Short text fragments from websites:
=-=-=-=-=
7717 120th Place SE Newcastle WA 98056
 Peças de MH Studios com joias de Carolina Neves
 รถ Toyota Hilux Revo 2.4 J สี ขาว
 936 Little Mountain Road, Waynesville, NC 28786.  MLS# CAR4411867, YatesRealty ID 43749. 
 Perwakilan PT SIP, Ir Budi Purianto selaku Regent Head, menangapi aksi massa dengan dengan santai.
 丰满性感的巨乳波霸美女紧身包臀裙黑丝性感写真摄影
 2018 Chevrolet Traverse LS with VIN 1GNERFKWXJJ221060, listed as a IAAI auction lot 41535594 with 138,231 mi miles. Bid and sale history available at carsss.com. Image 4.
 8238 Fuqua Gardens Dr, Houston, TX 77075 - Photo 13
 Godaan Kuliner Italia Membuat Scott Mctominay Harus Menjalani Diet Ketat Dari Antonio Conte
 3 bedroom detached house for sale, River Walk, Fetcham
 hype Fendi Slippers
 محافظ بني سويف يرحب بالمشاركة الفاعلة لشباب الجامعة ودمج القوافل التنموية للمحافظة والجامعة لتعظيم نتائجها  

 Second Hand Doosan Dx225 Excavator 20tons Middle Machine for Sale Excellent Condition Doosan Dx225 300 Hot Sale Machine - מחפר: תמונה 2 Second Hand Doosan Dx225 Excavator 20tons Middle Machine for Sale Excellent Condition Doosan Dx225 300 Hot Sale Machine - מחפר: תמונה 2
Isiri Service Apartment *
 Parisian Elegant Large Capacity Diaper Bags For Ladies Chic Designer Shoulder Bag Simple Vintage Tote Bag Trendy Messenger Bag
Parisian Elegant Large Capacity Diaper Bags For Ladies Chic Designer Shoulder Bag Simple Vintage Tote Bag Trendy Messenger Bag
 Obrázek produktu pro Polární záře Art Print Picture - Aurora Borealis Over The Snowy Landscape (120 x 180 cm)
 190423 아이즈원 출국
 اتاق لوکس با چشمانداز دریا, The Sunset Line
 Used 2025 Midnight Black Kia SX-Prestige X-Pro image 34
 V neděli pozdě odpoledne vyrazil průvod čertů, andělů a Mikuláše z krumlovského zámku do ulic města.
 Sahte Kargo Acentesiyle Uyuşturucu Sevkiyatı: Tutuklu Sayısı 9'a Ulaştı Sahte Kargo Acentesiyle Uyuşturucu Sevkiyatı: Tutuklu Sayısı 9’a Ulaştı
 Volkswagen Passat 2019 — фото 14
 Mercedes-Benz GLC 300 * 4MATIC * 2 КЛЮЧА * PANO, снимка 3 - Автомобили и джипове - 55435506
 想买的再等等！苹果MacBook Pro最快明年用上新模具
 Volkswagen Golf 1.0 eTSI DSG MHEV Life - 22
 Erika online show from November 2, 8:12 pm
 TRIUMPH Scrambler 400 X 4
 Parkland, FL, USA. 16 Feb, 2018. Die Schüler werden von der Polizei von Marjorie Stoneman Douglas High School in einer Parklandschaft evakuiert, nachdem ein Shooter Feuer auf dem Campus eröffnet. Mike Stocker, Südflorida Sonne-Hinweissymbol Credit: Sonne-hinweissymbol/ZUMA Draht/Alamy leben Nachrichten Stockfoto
=-=-=-=-=
» **AIM OF THE EXERCISE**
Print exactly, and only, the lines from the line that contains "hype Fendi Slippers" through the last line of the records.

» **EXERCISE ANSWER**
 hype Fendi Slippers
 محافظ بني سويف يرحب بالمشاركة الفاعلة لشباب الجامعة ودمج القوافل التنموية للمحافظة والجامعة لتعظيم نتائجها  

 Second Hand Doosan Dx225 Excavator 20tons Middle Machine for Sale Excellent Condition Doosan Dx225 300 Hot Sale Machine - מחפר: תמונה 2 Second Hand Doosan Dx225 Excavator 20tons Middle Machine for Sale Excellent Condition Doosan Dx225 300 Hot Sale Machine - מחפר: תמונה 2
Isiri Service Apartment *
 Parisian Elegant Large Capacity Diaper Bags For Ladies Chic Designer Shoulder Bag Simple Vintage Tote Bag Trendy Messenger Bag
Parisian Elegant Large Capacity Diaper Bags For Ladies Chic Designer Shoulder Bag Simple Vintage Tote Bag Trendy Messenger Bag
 Obrázek produktu pro Polární záře Art Print Picture - Aurora Borealis Over The Snowy Landscape (120 x 180 cm)
 190423 아이즈원 출국
 اتاق لوکس با چشمانداز دریا, The Sunset Line
 Used 2025 Midnight Black Kia SX-Prestige X-Pro image 34
 V neděli pozdě odpoledne vyrazil průvod čertů, andělů a Mikuláše z krumlovského zámku do ulic města.
 Sahte Kargo Acentesiyle Uyuşturucu Sevkiyatı: Tutuklu Sayısı 9'a Ulaştı Sahte Kargo Acentesiyle Uyuşturucu Sevkiyatı: Tutuklu Sayısı 9’a Ulaştı
 Volkswagen Passat 2019 — фото 14
 Mercedes-Benz GLC 300 * 4MATIC * 2 КЛЮЧА * PANO, снимка 3 - Автомобили и джипове - 55435506
 想买的再等等！苹果MacBook Pro最快明年用上新模具
 Volkswagen Golf 1.0 eTSI DSG MHEV Life - 22
 Erika online show from November 2, 8:12 pm
 TRIUMPH Scrambler 400 X 4
 Parkland, FL, USA. 16 Feb, 2018. Die Schüler werden von der Polizei von Marjorie Stoneman Douglas High School in einer Parklandschaft evakuiert, nachdem ein Shooter Feuer auf dem Campus eröffnet. Mike Stocker, Südflorida Sonne-Hinweissymbol Credit: Sonne-hinweissymbol/ZUMA Draht/Alamy leben Nachrichten Stockfoto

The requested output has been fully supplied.